At the line that holds "Air Fryer Rack", start repeating, and keep going exactly through the final line of the material; include both ends and skip the pictures.

Content starts

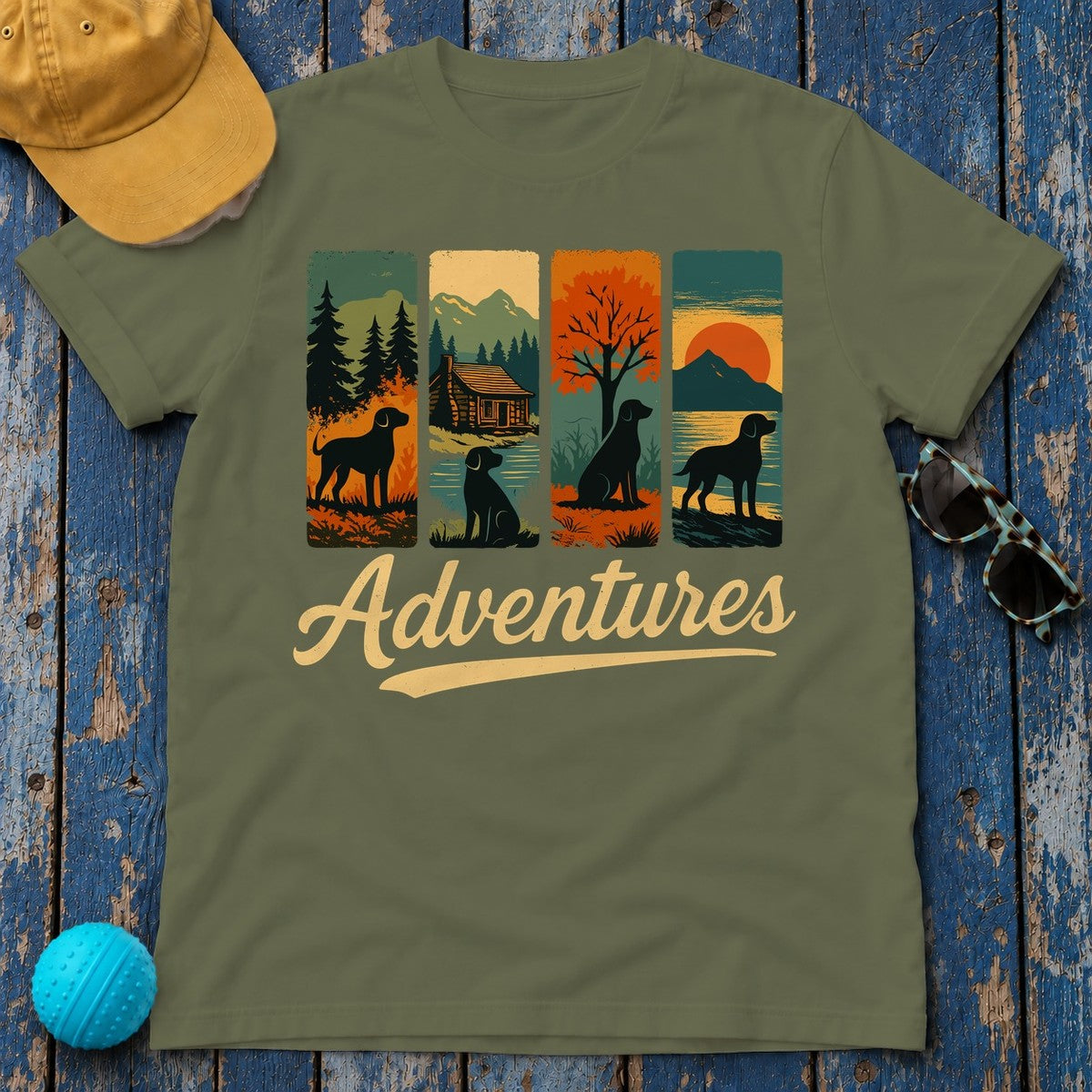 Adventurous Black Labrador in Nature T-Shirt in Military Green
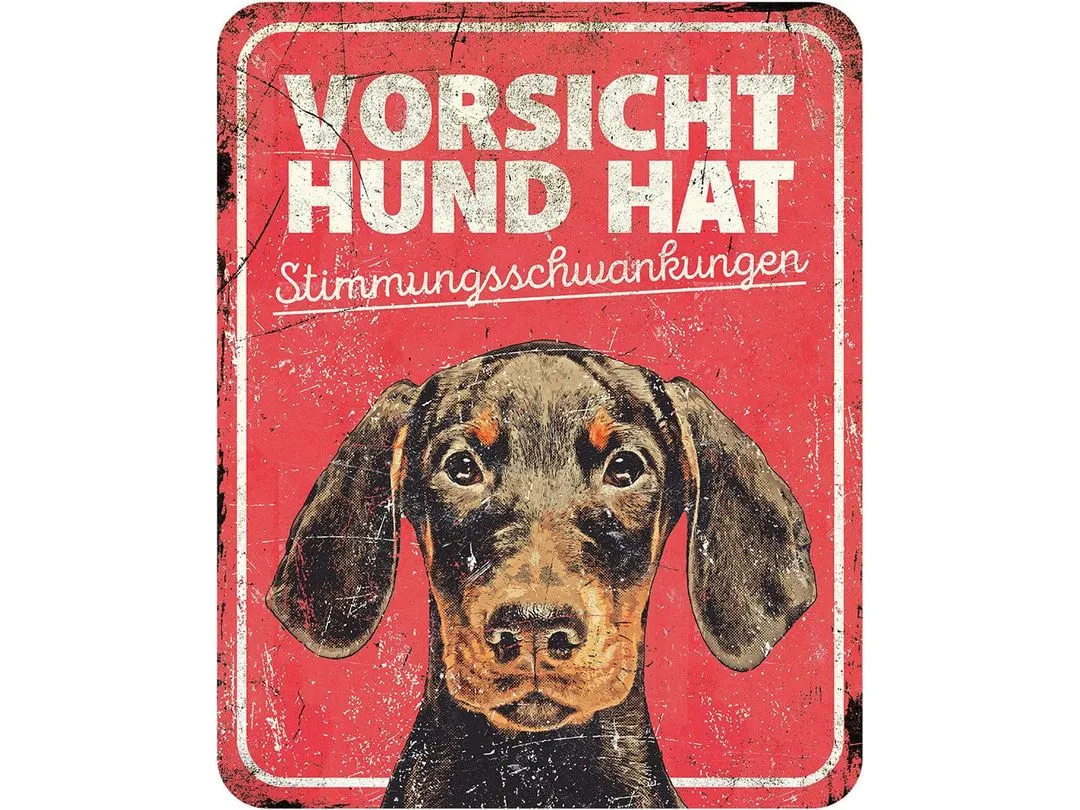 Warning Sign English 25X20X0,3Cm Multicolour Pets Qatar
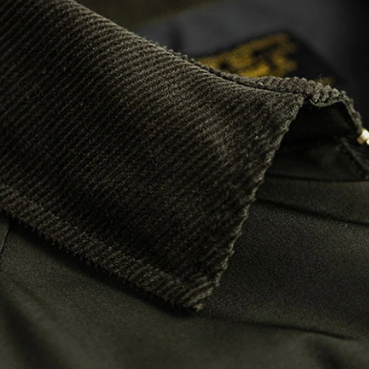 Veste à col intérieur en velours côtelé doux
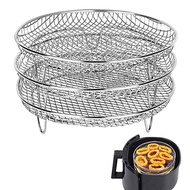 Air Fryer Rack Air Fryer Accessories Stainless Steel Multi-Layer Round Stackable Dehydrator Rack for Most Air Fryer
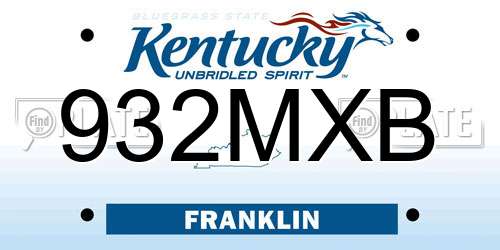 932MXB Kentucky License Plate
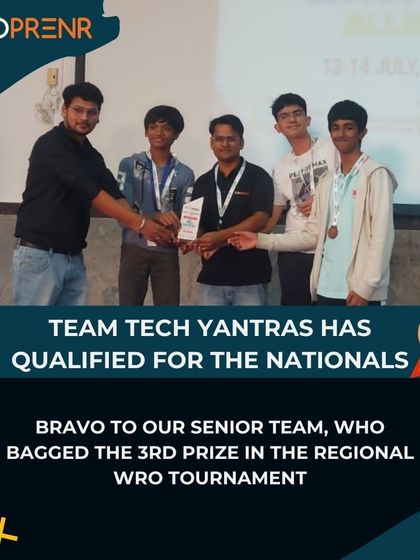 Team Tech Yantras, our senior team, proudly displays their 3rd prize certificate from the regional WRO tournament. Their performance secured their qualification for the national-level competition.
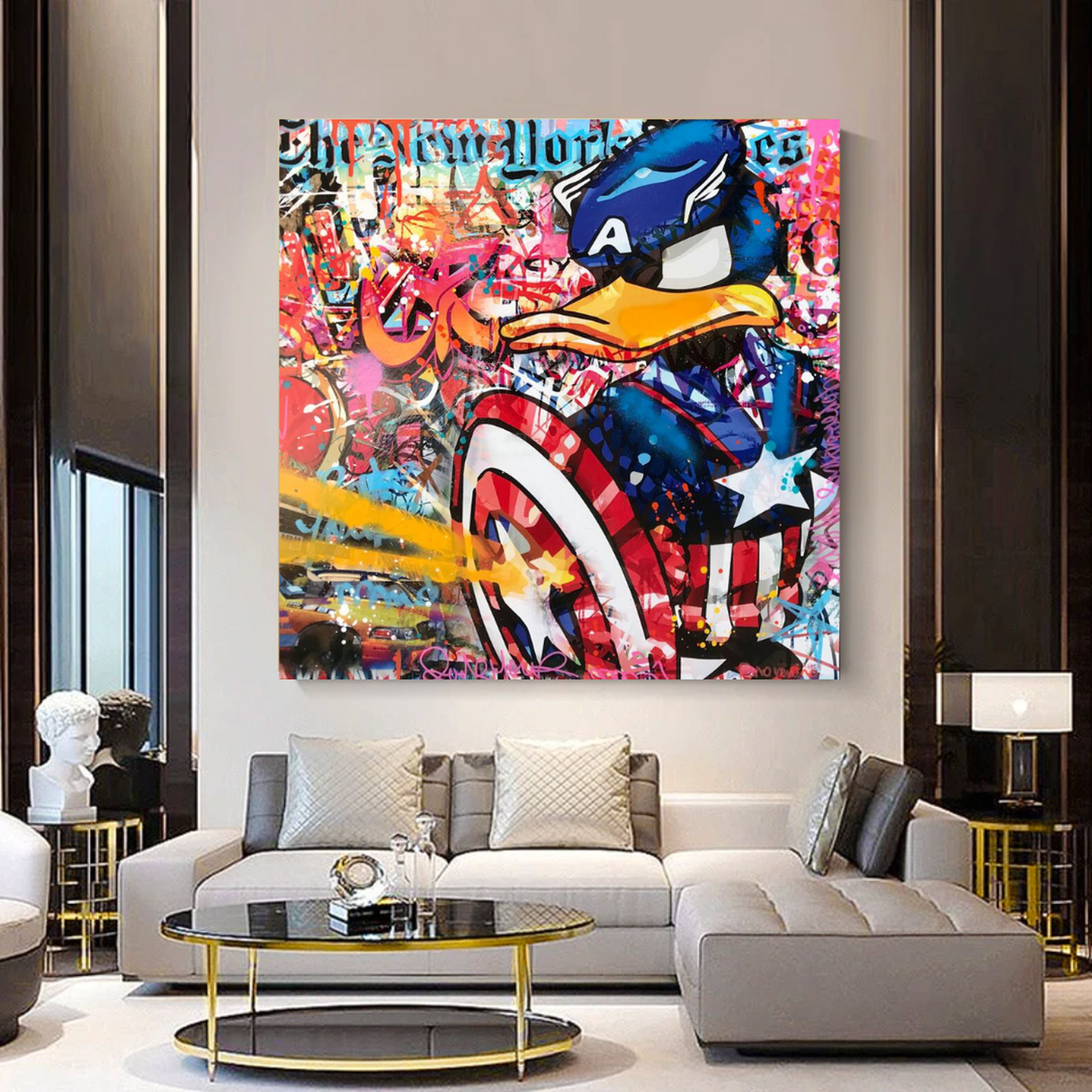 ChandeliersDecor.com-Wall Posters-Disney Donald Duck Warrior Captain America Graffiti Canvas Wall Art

Content ends

Task response:
 Air Fryer Rack Air Fryer Accessories Stainless Steel Multi-Layer Round Stackable Dehydrator Rack for Most Air Fryer
 932MXB Kentucky License Plate
 Team Tech Yantras, our senior team, proudly displays their 3rd prize certificate from the regional WRO tournament. Their performance secured their qualification for the national-level competition.
 ChandeliersDecor.com-Wall Posters-Disney Donald Duck Warrior Captain America Graffiti Canvas Wall Art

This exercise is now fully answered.